Stereotactic Body Radiation Therapy in Prostate Cancer: Where Do We Stand?

 From: Journal of Current Oncology

Prostate cancer, the risk of which increases with increasing age, is common in men worldwide. As per Globocan (2018), its incidence and mortality in India were 4.4% and 2.9%, respectively; the incidence rose to 5.5% while mortality reduced to 2.7% in 2020. The cancer stage and aggressiveness as well as patient preference and their life expectancy decide the treatment choice. In prostate cancers of low and favorable intermediate risk, external beam radiotherapy (EBRT) is an integral therapeutic option either alone or in combination with other therapies. Research has revealed that the overall survival in prostate cancer can be enhanced by combining RT with androgen-deprivation therapy (ADT). In contrast to conventional RT, it has been shown that biochemical control after EBRT can be enhanced with dose escalation via stereotactic body radiotherapy (SBRT). SBRT refers to a stereotactic RT procedure for treating tumors with ultrahigh doses in a single fraction in a total of 5 or fewer hypofractionated fractions. It has been shown that SBRT can achieve dosimetric parameters similar to high-dose-rate brachytherapy. Hence, it can deliver high radiation doses with a sharp dose falloff and has been increasingly used in prostate cancer. Indeed, the outcome of SBRT in prostate cancer of low and intermediate risk is well established. The present review summarizes the therapeutic role of SBRT in prostate cancer.
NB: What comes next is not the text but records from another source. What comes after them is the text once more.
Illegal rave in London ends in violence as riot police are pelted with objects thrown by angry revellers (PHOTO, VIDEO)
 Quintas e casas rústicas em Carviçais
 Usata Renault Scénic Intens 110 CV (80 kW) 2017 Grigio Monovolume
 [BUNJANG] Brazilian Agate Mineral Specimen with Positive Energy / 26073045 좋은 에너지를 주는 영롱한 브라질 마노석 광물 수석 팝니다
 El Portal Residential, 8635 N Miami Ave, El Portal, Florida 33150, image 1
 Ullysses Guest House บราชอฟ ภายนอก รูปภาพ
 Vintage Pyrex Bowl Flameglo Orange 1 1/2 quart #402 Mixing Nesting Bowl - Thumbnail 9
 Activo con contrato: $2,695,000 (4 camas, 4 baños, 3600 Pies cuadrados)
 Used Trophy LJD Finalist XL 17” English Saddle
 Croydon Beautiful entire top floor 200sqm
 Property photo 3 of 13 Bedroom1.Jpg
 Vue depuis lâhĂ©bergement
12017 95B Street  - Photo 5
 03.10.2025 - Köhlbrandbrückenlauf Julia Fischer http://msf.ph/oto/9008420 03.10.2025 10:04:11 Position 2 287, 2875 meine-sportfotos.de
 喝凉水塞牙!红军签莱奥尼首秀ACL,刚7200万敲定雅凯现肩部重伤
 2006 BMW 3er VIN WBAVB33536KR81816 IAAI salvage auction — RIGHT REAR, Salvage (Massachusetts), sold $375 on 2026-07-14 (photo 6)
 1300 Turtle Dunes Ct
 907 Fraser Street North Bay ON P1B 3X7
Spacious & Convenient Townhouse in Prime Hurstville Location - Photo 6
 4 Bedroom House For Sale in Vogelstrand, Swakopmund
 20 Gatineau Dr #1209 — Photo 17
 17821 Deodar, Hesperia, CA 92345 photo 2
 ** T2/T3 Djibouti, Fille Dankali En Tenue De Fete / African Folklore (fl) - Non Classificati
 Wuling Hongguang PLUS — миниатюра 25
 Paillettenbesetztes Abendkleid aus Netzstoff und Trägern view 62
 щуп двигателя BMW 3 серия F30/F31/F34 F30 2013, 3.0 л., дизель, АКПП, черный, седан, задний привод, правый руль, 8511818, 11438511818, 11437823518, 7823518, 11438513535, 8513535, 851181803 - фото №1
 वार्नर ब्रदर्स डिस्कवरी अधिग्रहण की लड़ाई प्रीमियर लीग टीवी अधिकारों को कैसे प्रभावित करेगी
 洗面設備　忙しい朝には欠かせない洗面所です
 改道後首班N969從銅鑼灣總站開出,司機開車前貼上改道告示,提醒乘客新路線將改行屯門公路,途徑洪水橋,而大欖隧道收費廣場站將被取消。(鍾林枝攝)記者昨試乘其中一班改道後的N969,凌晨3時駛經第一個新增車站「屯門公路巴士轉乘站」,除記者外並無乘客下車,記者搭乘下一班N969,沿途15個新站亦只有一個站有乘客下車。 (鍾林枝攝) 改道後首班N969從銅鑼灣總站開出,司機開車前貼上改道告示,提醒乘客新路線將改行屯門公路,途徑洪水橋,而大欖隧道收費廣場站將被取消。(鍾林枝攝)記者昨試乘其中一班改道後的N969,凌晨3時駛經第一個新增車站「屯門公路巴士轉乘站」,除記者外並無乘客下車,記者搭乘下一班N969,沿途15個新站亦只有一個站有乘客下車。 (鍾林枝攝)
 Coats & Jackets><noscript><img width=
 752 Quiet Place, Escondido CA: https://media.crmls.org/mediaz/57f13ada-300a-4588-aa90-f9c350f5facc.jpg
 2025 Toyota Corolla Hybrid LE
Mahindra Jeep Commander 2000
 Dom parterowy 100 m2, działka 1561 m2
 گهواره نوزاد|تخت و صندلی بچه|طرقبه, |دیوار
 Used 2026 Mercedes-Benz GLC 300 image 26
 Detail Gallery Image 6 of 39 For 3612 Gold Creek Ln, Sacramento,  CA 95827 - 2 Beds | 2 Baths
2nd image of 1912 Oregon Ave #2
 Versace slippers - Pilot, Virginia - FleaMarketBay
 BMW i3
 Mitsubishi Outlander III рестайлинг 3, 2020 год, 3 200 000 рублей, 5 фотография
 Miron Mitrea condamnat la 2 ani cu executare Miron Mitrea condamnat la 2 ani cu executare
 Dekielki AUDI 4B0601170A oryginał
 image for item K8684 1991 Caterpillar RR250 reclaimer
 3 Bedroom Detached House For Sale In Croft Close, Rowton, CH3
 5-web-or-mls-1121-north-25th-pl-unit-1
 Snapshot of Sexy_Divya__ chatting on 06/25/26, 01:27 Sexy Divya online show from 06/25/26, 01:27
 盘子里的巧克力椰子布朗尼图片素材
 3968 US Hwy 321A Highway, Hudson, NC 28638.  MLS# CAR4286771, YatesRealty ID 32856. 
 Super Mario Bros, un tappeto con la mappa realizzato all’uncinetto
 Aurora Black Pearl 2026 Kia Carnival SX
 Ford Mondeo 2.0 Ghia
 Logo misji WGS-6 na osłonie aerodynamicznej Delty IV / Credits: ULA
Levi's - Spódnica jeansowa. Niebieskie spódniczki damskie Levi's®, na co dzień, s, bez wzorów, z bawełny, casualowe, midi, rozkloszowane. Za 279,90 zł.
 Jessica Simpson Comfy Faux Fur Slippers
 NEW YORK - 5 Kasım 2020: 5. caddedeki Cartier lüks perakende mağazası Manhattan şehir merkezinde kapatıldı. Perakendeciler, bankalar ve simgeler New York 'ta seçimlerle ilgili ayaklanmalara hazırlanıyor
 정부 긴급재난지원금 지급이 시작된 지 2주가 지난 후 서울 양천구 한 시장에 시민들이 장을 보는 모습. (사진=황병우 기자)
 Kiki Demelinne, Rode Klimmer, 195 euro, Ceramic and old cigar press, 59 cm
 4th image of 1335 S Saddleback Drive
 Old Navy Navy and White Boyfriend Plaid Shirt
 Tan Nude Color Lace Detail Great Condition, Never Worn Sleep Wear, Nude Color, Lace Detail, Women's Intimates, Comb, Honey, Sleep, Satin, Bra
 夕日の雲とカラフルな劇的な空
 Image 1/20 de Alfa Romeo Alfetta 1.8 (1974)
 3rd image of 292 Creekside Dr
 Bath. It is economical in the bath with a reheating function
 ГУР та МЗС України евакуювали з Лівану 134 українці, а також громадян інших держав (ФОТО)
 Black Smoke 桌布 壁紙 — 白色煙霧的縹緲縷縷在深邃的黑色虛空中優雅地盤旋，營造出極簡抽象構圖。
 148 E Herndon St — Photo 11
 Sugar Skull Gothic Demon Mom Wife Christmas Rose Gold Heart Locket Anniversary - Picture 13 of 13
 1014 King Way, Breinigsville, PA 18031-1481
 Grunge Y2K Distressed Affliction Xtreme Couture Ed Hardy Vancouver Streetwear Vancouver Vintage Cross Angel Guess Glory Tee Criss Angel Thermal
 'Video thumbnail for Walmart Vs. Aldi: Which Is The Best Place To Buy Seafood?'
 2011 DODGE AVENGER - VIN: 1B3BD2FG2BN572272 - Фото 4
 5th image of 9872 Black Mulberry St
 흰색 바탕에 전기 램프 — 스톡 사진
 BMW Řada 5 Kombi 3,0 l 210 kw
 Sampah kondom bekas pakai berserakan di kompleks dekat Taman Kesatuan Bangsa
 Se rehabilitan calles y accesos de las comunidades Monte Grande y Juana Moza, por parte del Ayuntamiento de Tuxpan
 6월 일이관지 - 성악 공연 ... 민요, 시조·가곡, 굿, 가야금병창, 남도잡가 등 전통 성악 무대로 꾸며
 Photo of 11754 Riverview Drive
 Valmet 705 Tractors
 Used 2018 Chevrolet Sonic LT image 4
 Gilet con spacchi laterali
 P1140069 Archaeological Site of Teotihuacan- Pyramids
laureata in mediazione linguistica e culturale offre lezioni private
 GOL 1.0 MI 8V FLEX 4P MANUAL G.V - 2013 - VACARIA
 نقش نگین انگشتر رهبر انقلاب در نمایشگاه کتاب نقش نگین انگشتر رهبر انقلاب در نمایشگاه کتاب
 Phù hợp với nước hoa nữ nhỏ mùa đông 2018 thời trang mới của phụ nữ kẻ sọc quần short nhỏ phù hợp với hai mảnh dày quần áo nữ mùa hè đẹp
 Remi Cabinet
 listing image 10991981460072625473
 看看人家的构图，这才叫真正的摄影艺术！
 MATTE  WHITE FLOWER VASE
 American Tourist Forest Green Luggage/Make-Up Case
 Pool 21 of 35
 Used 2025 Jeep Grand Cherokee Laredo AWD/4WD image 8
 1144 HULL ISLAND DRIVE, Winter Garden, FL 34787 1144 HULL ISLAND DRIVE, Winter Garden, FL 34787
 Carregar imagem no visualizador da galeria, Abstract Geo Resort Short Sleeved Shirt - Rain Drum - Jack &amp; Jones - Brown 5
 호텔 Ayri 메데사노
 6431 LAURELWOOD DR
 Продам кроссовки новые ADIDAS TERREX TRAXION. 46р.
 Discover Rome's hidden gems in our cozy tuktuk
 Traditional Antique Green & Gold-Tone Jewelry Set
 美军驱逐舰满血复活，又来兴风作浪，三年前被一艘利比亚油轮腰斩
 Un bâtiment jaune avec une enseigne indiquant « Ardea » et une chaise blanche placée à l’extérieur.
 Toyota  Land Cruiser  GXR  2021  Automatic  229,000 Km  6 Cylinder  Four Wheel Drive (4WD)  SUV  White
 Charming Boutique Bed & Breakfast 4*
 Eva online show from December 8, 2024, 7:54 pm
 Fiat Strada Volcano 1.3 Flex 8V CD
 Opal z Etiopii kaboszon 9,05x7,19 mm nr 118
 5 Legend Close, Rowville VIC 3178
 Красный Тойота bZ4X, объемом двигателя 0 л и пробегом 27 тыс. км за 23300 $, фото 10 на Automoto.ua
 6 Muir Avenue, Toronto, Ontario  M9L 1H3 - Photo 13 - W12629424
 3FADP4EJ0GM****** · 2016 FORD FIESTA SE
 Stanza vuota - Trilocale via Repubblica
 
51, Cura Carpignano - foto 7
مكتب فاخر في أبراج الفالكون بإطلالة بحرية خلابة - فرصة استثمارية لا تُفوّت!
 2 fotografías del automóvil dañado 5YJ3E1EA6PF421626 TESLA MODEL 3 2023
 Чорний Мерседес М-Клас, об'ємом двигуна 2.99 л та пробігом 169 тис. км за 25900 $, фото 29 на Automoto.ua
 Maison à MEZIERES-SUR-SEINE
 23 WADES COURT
Compared to other tumors that proliferate faster, the intrinsic radiosensitivity to repair capacity ratio (𝛼/𝛽 ratio) in prostate cancer is lower. Thus, prostate cancer appears radiobiologically similar to healthy tissue. The 𝛼/𝛽 ratio for tumors and early responding tissues (skin and mucosa) is estimated to be approximately 8 to 10 Gy, whereas that for late responding tissues (bladder or rectal mucosa, muscle, and connective tissue) is approximately 3 to 5 Gy. The considerably low prostate cancer 𝛼/𝛽 ratio of 1.5 Gy (95% confidence interval [CI], 0.8-2.2 Gy) was derived by Brenner and Hall. Fowler et al. obtained a ratio of 1.5 Gy (1.25-1.75 Gy), which was confirmed by Miralbell et al. This phenomenon of prostate cancer behaving similar to healthy tissue has been studied using DNA labeling, which revealed hypoxic cells. The hypoxia was attributed to poor tumoral blood supply, thereby slowing the proliferation and reducing the 𝛼/𝛽 ratio of the tumor. The low 𝛼/𝛽 ratio of prostate cancer suggests that hypofractionation is a better therapeutic option, but late rectal complications need to be accounted for implementing hypofractionation. Of note, the 𝛼/𝛽 ratio of late rectal complications has been found to be approximately 3 Gy.